What the exercise asks
For the data below, retype word for word the lines from the one containing "Arina979797 live cam on BongaCams" through the one containing "1753 N 2900 W, Clinton, Utah 84015"; drop the pictures.

Materials provided
━━━━━━

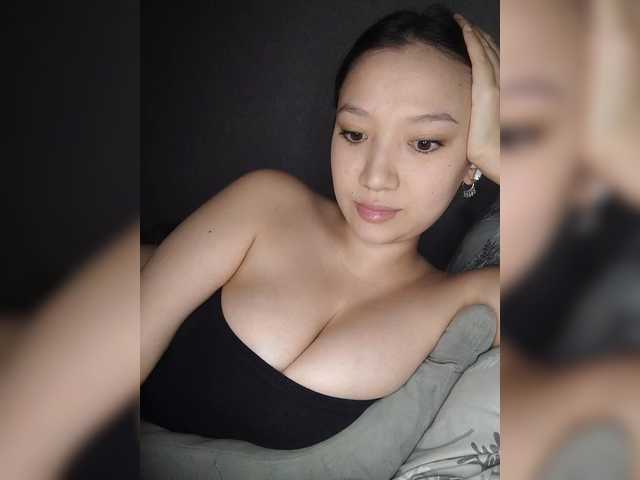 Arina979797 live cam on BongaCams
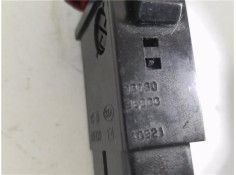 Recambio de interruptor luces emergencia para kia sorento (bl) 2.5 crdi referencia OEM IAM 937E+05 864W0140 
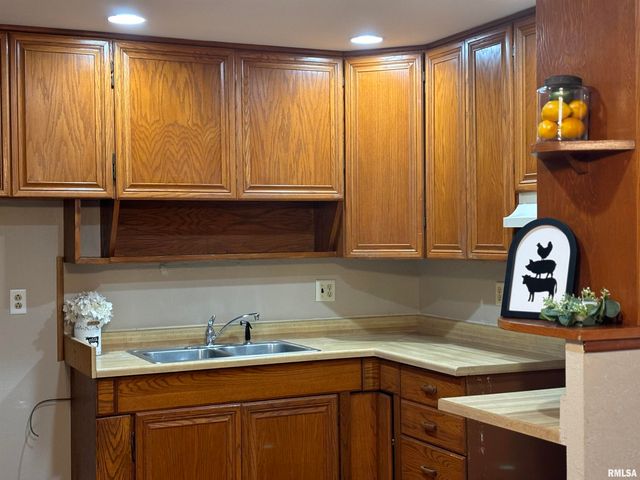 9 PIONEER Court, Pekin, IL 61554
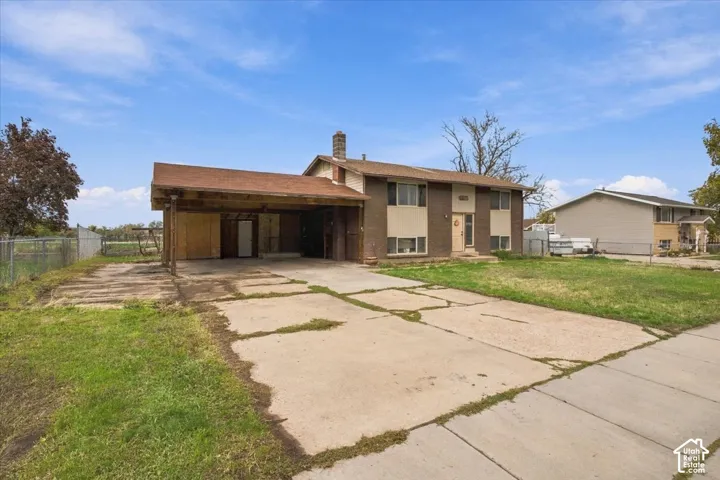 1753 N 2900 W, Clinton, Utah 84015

━━━━━━

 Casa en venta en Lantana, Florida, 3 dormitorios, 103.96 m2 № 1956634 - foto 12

━━━━━━

Worked solution
 Arina979797 live cam on BongaCams
 Recambio de interruptor luces emergencia para kia sorento (bl) 2.5 crdi referencia OEM IAM 937E+05 864W0140 
 9 PIONEER Court, Pekin, IL 61554
 1753 N 2900 W, Clinton, Utah 84015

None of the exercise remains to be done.